### Assignment
Below are the records; repeat exactly their lines between the line holding "Find My iPhone can even Find My AirPods." and the line holding "셀럽당 여름 남성용 루즈핏 반팔 반바지 세트", inclusive, skipping the pictures.

### The records
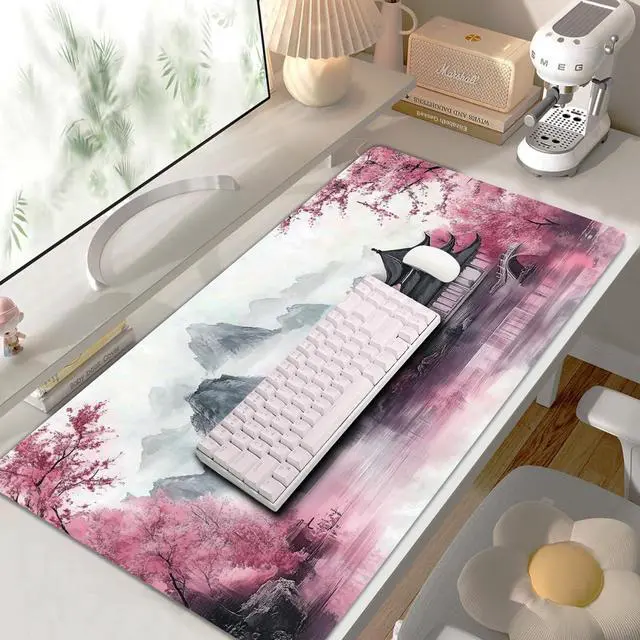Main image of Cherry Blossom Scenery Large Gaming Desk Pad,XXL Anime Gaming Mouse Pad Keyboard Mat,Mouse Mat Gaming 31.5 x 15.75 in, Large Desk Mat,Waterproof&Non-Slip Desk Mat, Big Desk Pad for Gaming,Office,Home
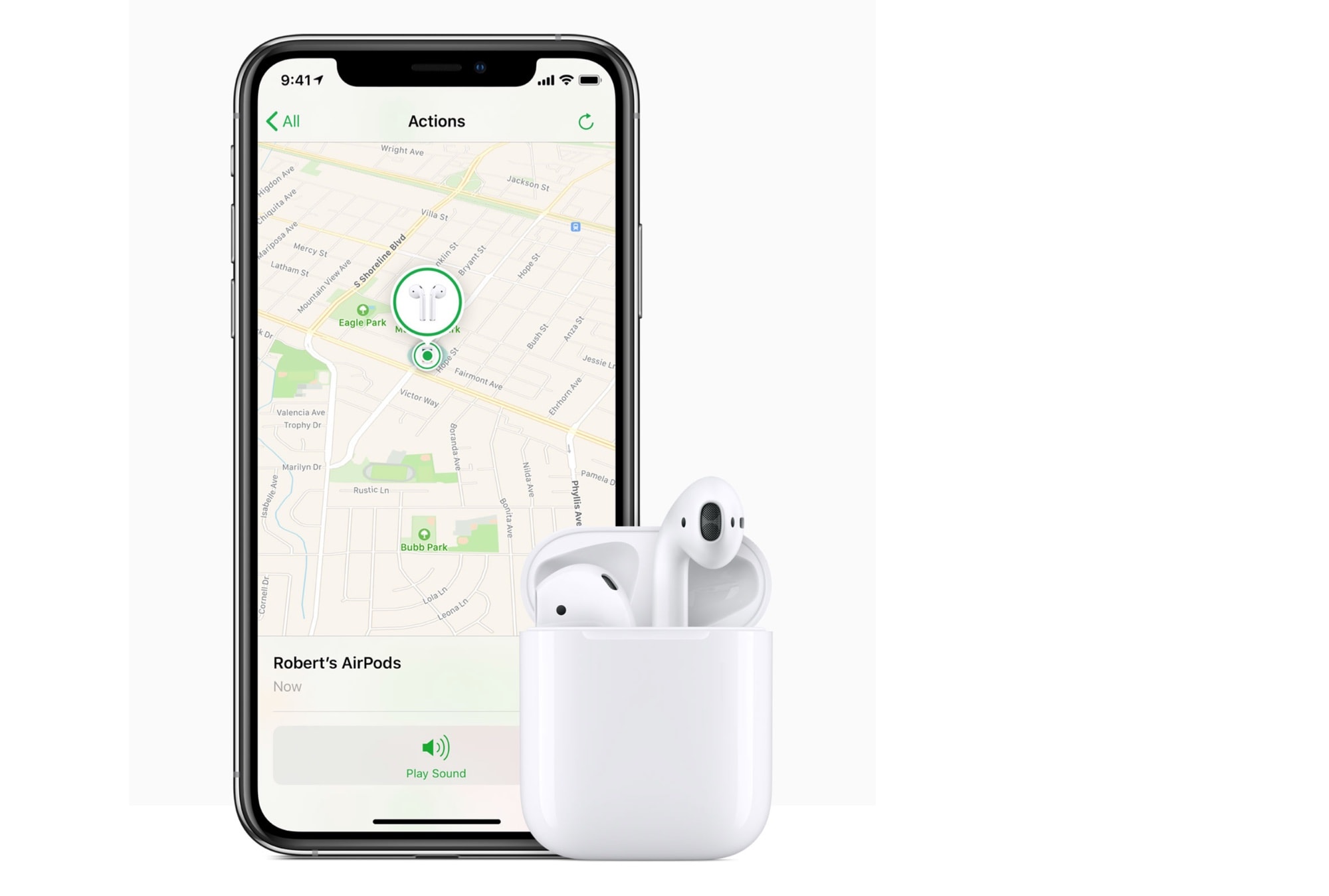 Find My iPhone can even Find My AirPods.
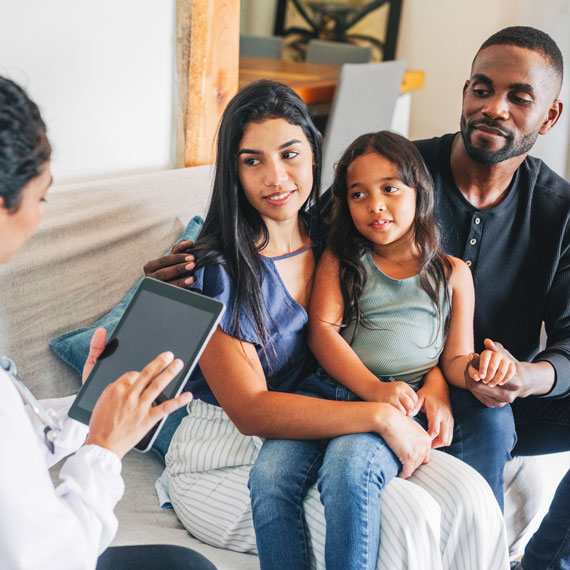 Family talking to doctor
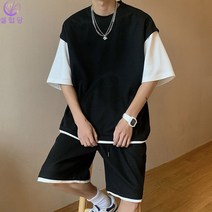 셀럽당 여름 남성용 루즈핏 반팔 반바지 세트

...

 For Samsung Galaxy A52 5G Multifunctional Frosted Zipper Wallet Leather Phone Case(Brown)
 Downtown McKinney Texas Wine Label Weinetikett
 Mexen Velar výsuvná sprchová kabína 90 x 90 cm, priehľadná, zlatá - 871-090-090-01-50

### Answer box
 Find My iPhone can even Find My AirPods.
 Family talking to doctor
 셀럽당 여름 남성용 루즈핏 반팔 반바지 세트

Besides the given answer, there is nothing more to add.